Can anyone figure out how many gentically different human beings are possible?

If we knew how many genes there are exactly, and use set theory to figure all the possible subsets, then eliminate combinations that wouldn’t result in a viable person…

The answer is still “no.”

First, we don’t know how many genetic errors still result in a person-- for example, you could calculate the “standard” models, then multiply but two, to account for all pessible people with Down Syndrome. But there might be certain genetic combinations that are fine as “normal” people, but are uncompatible with an extra 23 chromosome.

Then there is the fact that genes are always mutating; even if we did have the knowledge to make valid calculations today, the number would be outmoded tomorrow.

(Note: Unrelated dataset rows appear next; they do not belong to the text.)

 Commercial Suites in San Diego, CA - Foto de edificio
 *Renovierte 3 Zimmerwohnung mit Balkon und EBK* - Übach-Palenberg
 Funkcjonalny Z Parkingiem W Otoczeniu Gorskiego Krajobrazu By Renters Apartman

## It’s all moot, anyway, because we don’t know enough about genes.

–Rowan

Shopping is still cheaper than therapy. --my Aunt Franny

Well then, suppose you are unique. How many other people in the world would you need to sample to collect all the genes that are in you?

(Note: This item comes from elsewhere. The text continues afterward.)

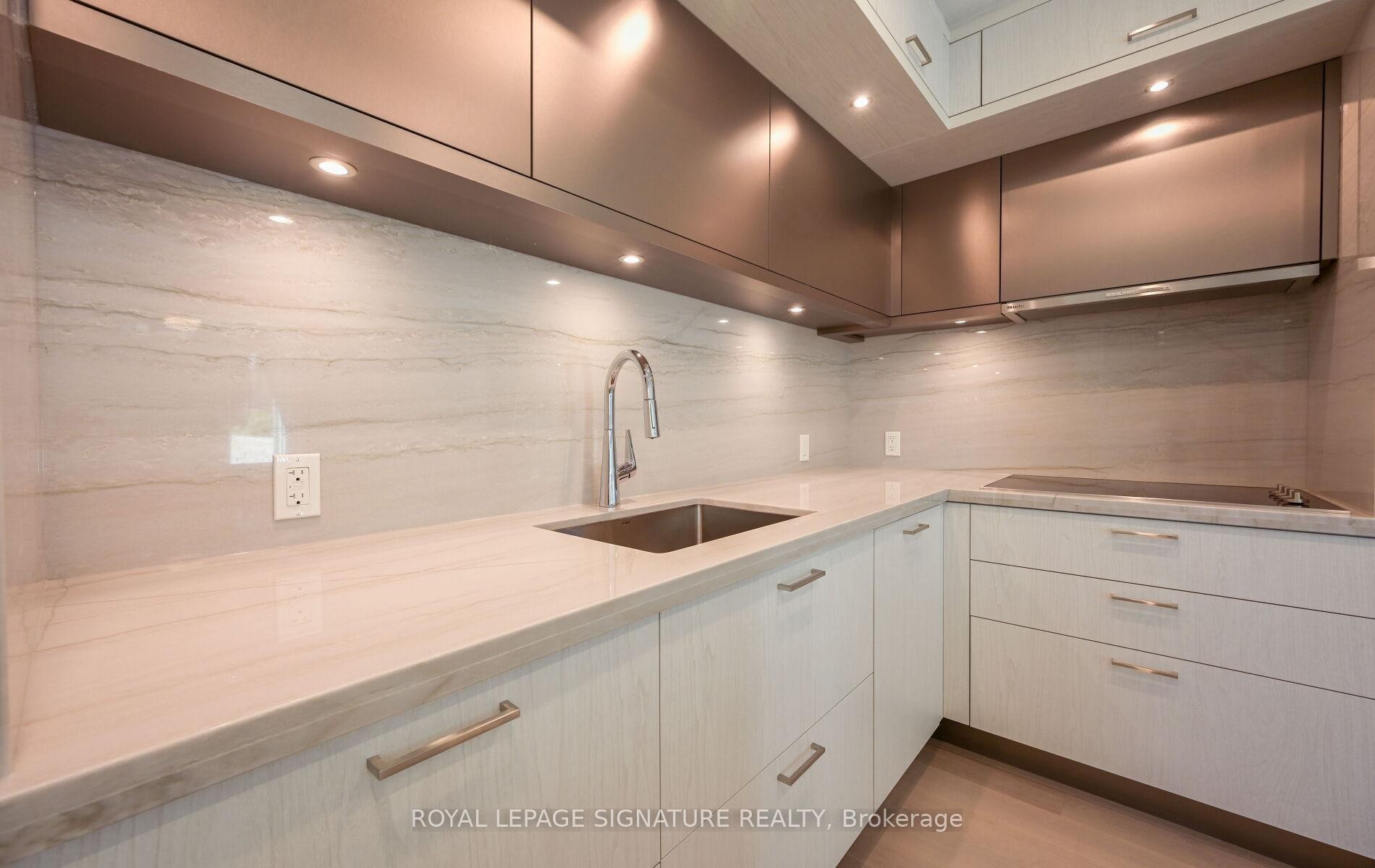 105-10 Inn On The Park Drive, Toronto, ON - Indoor Photo Showing Kitchen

>>Well then, suppose you are unique. How many other people in the world would you need to sample to collect all the genes that are in you? <<

Two.

Think about it.

-Bob

And if anyone starts bitching about spontaneous mutations I’m going to slap you

Right.

I’m pretty sure sunbear meant how many people at random.

But the reason I’m writing is that I remember hearing in school that if you take the limiting element for humans on earth (phosphorous, as I recall) and work it out, you get a surprisingly small number of people - a few trillion. (That is, there isn’t enough phosphorous on earth to make more people than that). That’s lots of people, of course, but less than you might think at first.

It’s certainly orders of magnitude less than the number of possible genetic combinations of people. I don’t know if that helps.

>>I’m pretty sure sunbear meant how many people at random.

```
But the reason I'm writing is that I remember hearing in school that if you take the limiting element for humans on earth
(phosphorous, as I recall) and work it out, you get a surprisingly small number of people - a few trillion. (That is, there isn't enough
phosphorous on earth to make more people than that). That's lots of people, of course, but less than you might think at first.
It's certainly orders of magnitude less than the number of possible genetic combinations of people. I don't know if that helps.<<
```

I’m pretty sure Lazy meant “How many viable subsets are there of all existing human genes?” not “How many people can be alive at one time?”